A TORY councillor deflected criticism of his “happy” pensions statement with a bizarre string of tweets about refugees.

Phillip Charles, who sits on Glasgow City Council, provoked criticism for his reaction to calls to raise the state pension to 75 by stating that he was “quite happy” because his military service means he will get his at the age of 60.

Referring to Ministry of Defence offices in the city, the Baillieston councillor, who served with the Royal Navy’s Fleet Air Arm, said: “I’m quite happy, I’m going to get a pension at 60 from Kentigern House.”

The National:

The comment came during online discussions of a think-tank plan to increase the state pension age to 75. The suggestion comes from the Centre for Social Justice, which is headed by former Work and Pensions Secretary Iain Duncan Smith.

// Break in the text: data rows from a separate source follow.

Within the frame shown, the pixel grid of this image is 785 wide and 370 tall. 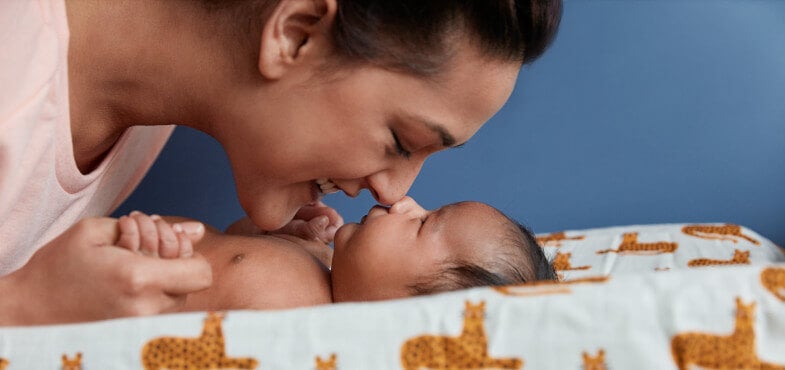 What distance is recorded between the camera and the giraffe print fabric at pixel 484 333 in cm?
79

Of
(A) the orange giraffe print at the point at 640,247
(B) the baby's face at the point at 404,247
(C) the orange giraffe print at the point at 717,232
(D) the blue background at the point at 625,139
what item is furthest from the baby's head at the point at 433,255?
(D) the blue background at the point at 625,139

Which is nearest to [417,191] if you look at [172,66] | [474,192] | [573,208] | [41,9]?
[474,192]

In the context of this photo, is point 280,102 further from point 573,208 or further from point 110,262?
point 573,208

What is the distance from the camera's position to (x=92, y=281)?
0.88 metres

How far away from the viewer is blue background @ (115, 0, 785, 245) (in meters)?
1.81

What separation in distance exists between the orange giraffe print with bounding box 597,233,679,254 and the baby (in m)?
0.33

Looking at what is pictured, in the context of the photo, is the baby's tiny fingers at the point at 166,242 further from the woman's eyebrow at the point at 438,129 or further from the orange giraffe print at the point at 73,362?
the woman's eyebrow at the point at 438,129

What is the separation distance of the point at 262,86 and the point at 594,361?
54 centimetres

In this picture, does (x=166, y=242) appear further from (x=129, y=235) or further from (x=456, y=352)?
(x=456, y=352)

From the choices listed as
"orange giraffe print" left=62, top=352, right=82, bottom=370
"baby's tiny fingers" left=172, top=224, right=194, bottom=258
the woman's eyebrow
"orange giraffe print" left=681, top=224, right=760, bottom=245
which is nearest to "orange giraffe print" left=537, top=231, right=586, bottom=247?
"orange giraffe print" left=681, top=224, right=760, bottom=245

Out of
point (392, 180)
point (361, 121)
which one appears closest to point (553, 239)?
point (392, 180)

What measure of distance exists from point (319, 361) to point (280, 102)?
1.32ft

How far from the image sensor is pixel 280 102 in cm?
111

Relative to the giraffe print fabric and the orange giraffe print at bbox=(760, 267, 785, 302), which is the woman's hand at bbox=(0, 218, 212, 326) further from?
the orange giraffe print at bbox=(760, 267, 785, 302)
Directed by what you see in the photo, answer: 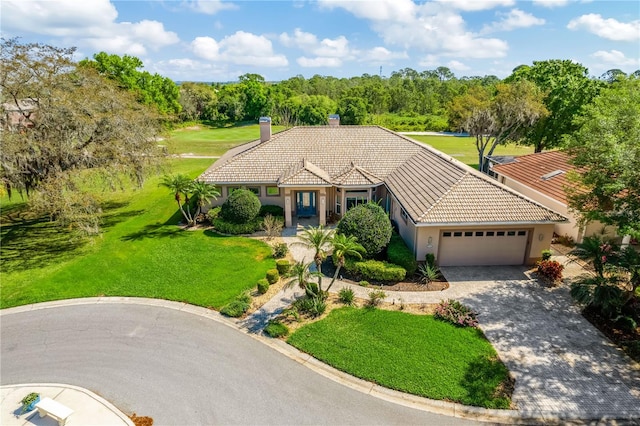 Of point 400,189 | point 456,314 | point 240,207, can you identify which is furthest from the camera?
point 240,207

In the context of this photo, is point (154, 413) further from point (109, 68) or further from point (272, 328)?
point (109, 68)

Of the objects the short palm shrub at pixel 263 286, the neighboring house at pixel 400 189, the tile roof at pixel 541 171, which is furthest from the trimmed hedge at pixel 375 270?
the tile roof at pixel 541 171

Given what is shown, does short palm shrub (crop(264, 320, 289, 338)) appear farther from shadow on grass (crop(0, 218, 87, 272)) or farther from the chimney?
the chimney

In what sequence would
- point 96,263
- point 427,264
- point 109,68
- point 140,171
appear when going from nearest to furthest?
point 427,264 → point 96,263 → point 140,171 → point 109,68

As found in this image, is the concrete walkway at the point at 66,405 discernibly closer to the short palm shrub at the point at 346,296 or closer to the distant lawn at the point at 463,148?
the short palm shrub at the point at 346,296

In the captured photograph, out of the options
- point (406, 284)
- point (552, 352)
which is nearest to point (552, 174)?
point (406, 284)

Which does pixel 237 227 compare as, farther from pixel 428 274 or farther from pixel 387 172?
pixel 428 274

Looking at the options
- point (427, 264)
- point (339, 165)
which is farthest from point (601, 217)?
point (339, 165) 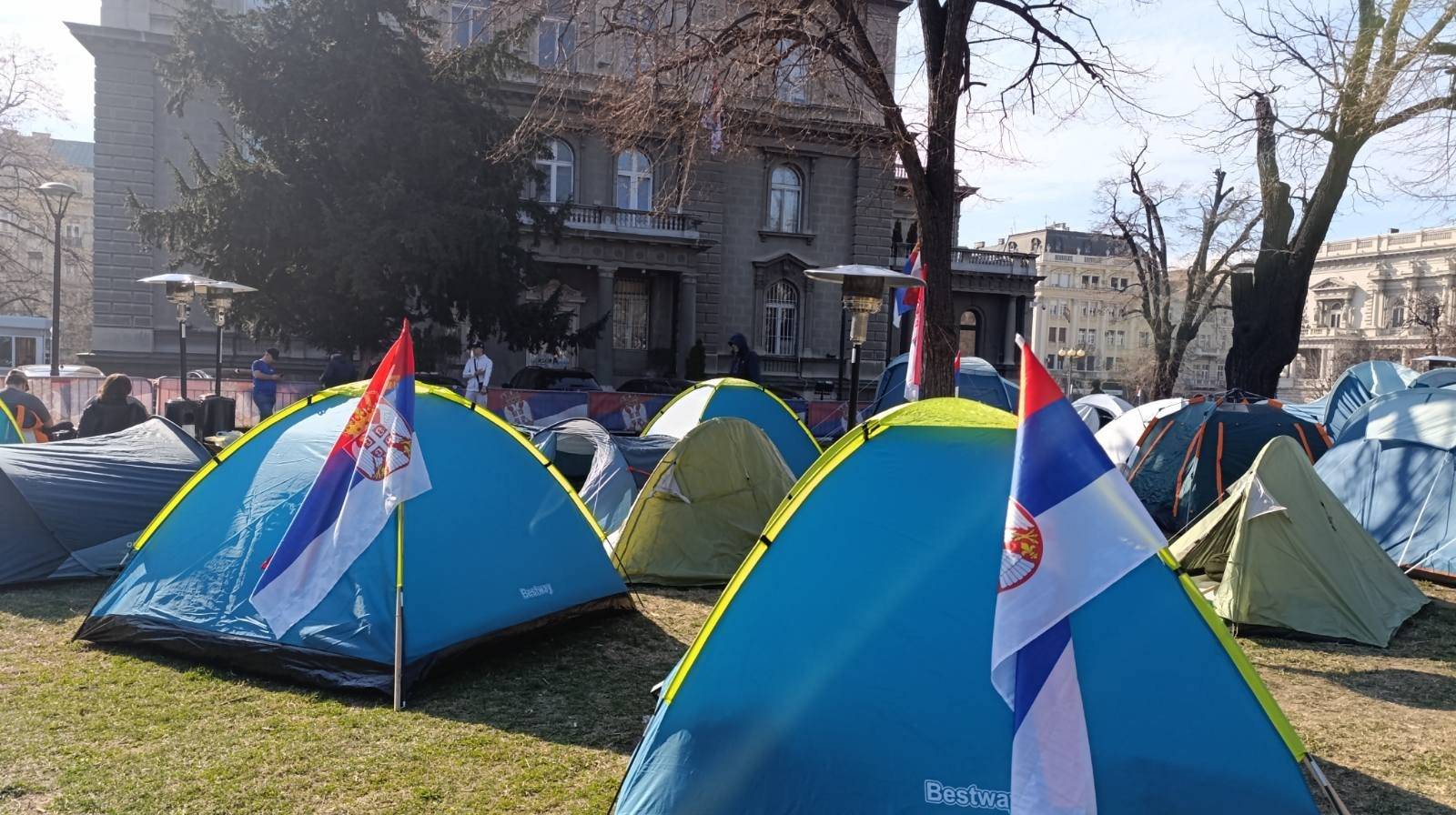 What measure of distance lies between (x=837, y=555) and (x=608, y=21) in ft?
27.7

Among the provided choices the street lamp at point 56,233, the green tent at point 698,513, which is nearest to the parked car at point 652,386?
the street lamp at point 56,233

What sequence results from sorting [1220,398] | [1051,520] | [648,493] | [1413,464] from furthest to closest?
[1220,398] → [1413,464] → [648,493] → [1051,520]

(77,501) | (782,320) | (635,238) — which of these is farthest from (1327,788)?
(782,320)

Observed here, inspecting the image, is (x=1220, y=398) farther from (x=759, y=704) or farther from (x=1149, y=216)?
(x=1149, y=216)

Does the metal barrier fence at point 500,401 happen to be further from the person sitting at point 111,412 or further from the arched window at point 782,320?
the arched window at point 782,320

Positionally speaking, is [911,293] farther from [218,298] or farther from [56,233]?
[56,233]

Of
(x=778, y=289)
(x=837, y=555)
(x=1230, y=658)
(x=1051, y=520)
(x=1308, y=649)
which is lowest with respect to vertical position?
(x=1308, y=649)

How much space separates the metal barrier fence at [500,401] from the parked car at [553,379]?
5.52 m

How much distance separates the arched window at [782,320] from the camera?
116 feet

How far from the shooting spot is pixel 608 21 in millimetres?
11023

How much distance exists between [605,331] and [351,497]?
25465mm

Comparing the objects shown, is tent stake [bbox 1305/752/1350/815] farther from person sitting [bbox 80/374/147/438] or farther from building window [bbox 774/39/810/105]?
person sitting [bbox 80/374/147/438]

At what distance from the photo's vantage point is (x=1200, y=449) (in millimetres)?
11594

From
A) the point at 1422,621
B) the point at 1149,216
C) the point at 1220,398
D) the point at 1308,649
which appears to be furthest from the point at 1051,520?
the point at 1149,216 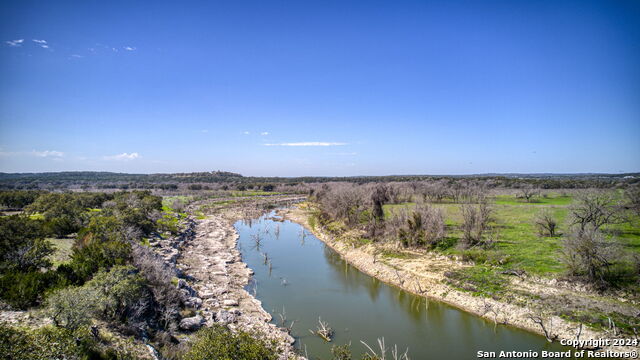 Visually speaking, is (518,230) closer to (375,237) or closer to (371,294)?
(375,237)

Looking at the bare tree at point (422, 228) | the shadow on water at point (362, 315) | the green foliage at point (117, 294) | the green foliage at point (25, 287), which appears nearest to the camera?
the green foliage at point (25, 287)

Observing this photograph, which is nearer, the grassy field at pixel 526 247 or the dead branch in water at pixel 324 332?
the dead branch in water at pixel 324 332

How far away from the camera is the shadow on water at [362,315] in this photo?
15.2 meters

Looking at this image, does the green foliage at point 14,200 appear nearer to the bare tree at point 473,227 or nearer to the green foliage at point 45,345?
the green foliage at point 45,345

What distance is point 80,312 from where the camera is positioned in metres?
10.2

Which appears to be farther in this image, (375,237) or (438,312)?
(375,237)

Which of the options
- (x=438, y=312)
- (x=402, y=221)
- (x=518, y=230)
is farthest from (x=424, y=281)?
(x=518, y=230)

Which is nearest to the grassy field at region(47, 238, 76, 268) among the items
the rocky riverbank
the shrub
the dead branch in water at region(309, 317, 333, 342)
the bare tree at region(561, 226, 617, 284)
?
the rocky riverbank

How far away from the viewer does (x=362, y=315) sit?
18953 mm

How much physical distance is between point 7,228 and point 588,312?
3416 centimetres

The organisation claims this would boost the economy, but charities including Age Concern have revealed their concerns about a move that could take pension entitlement to an age some citizens will not reach.

The average life expectancy for men in Scotland’s biggest city currently stands at 71, but in some of the poorer communities, it is even lower.

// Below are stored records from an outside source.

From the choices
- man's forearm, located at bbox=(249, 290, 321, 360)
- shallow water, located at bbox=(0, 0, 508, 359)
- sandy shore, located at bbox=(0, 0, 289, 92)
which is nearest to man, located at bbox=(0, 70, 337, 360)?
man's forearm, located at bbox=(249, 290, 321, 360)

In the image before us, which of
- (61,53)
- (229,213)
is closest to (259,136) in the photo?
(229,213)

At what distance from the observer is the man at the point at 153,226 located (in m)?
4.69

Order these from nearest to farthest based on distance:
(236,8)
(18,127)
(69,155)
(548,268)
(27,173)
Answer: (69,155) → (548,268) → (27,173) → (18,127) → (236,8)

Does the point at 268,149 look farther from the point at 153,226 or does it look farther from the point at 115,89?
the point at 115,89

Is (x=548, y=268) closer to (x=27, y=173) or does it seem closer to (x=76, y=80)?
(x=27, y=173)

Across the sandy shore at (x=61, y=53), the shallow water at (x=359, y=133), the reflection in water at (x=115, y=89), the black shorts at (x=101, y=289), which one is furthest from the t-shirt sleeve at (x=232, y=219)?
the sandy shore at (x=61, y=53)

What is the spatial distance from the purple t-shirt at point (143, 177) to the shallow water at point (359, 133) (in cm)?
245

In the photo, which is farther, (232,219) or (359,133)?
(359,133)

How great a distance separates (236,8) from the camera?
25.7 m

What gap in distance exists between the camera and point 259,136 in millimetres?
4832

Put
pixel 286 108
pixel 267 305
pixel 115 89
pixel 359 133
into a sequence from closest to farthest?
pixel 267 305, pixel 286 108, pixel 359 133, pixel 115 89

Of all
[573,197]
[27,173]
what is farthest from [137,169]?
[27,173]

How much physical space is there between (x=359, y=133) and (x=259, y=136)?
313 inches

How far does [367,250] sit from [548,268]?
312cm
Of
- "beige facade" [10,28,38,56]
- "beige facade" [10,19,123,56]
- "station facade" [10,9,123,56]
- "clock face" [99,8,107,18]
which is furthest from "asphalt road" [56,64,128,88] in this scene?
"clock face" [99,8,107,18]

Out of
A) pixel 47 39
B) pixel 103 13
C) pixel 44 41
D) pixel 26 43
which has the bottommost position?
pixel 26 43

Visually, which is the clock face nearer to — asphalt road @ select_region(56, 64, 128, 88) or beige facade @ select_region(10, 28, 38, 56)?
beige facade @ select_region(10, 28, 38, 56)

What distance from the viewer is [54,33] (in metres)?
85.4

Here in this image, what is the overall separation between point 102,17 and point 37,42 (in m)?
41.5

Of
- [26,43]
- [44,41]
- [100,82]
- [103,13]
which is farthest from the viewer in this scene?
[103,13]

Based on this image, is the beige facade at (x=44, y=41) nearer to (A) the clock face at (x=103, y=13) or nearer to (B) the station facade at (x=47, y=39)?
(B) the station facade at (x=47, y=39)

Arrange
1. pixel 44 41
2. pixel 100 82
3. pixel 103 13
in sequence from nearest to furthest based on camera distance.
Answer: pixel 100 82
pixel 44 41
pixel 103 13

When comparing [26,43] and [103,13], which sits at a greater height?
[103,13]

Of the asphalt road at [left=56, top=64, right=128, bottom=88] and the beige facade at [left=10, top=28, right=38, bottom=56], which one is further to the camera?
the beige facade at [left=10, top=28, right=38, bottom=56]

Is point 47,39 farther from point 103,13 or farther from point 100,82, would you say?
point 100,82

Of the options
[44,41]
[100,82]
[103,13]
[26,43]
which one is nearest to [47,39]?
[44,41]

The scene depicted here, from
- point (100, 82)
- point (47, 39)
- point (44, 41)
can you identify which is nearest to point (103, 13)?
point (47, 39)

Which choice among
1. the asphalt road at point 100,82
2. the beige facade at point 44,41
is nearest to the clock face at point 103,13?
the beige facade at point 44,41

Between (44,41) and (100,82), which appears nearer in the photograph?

When questioned about his message by fellow Twitter users, including Glasgow Southside Central councillor Mhairi Hunter, Charles, who was elected in 2017, defended the statement and declined suggestions that it should be deleted.

However, it has since been removed from the social sharing platform.

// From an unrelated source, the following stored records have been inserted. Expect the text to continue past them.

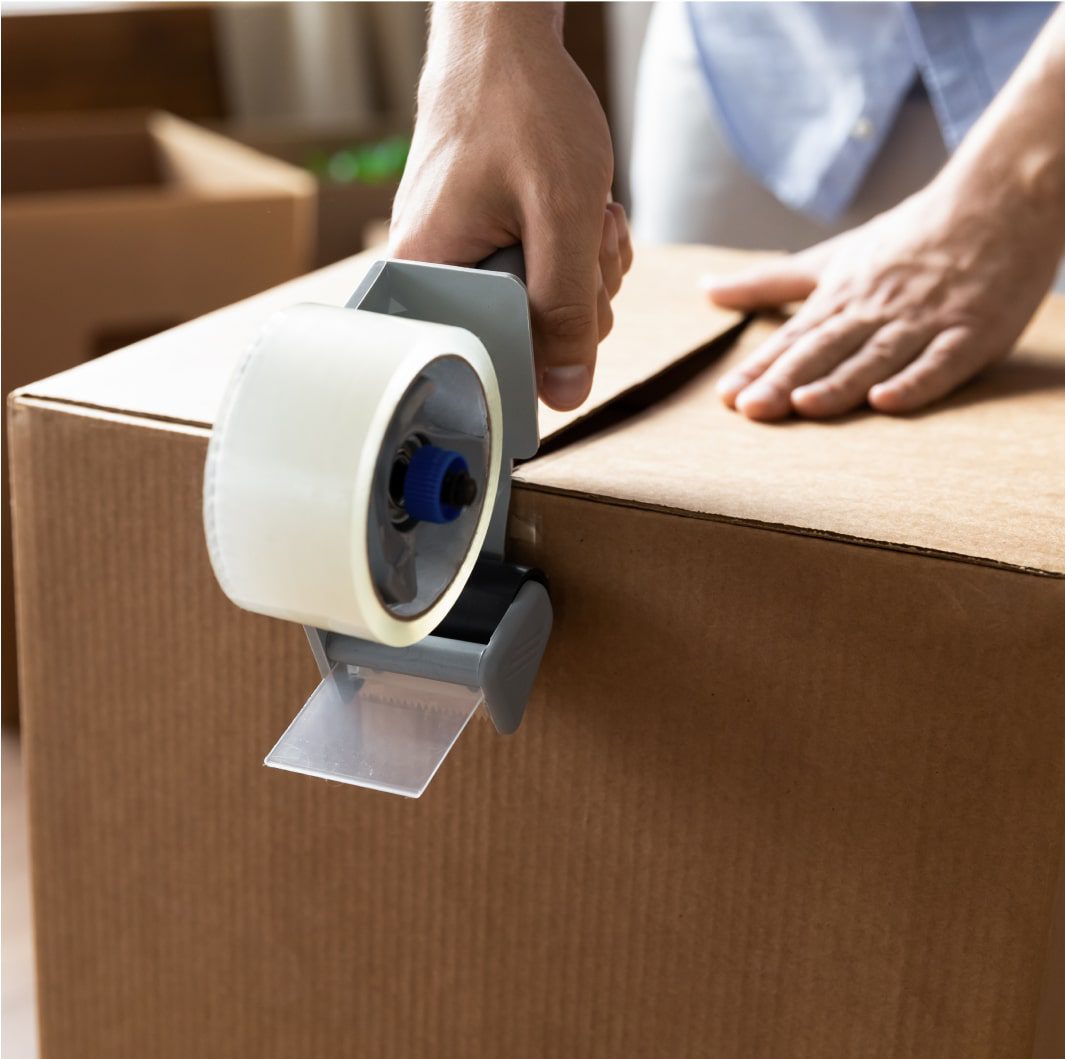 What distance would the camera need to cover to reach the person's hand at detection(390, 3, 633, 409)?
0.47m

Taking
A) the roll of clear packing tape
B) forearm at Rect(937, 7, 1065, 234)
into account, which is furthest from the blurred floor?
forearm at Rect(937, 7, 1065, 234)

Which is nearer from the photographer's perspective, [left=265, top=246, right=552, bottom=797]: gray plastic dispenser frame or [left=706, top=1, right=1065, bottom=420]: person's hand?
[left=265, top=246, right=552, bottom=797]: gray plastic dispenser frame

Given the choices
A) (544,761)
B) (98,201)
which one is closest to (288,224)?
(98,201)

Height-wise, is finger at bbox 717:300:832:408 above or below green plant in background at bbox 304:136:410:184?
above

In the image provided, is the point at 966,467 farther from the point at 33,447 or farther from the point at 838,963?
the point at 33,447

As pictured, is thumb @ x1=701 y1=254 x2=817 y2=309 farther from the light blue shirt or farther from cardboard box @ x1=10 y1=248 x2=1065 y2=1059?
the light blue shirt

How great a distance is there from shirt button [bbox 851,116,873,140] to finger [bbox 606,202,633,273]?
44cm

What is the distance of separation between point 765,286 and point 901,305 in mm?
87

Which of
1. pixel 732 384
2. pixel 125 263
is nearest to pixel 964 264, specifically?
pixel 732 384

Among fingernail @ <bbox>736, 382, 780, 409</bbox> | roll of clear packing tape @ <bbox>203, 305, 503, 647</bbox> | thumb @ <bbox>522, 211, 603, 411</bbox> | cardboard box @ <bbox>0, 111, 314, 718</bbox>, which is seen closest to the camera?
roll of clear packing tape @ <bbox>203, 305, 503, 647</bbox>

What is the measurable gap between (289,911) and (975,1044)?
27 cm

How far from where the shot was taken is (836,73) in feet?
3.08

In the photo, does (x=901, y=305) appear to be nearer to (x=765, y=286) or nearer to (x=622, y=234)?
(x=765, y=286)

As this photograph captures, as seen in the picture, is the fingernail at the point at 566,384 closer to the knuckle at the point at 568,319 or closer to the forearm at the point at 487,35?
the knuckle at the point at 568,319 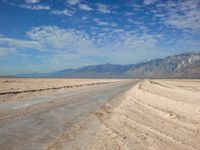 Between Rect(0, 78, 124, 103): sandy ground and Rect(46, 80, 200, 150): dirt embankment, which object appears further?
Rect(0, 78, 124, 103): sandy ground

In an exchange with Hunter, he continued: “I’m happy that I will receive a Government pension from age 60.

"I’m happy for that to be on record. How are Nicola’s refugees that she agreed to take on Tv?”

The National:

Charles then went on to repeat the question about refugees three more times. He did not respond to a request for comment from The National last night.

Charles was one of the eight Tories elected in Glasgow in the 2017 elections.

Until then, the party had just one member on the local authority and the result was its best in 30 years.

The SNP and the Greens also chalked up their best ever results, with the former wrestling control of the council from Labour and ending almost 40 years of its dominance.

The state pension age is currently set to rise to 67 by 2028, increasing again to 68 by 2046.

However, the CSJ said those changes do not go far enough and it suggests shifting entitlement to 70 in 2028 and 75 by 2035.

READ MORE: Age Scotland head warns against raising state pension age

The change would affect people born between March 6, 1961 and April 5, 1977.

CSJ chief executive Andy Cook said: “Working longer has the potential to improve health and wellbeing, increase retirement savings and ensure the full functioning of public services for all.”

However, Glasgow South West MP Chris Stephens, a member of Westminster’s Work and Pensions Committee, dismissed the recommendations, saying: “This is a work- until-you-drop plan.

“They are confusing life expectancy with working life expectancy.

“Someone in a physically demanding job can’t work until 75.”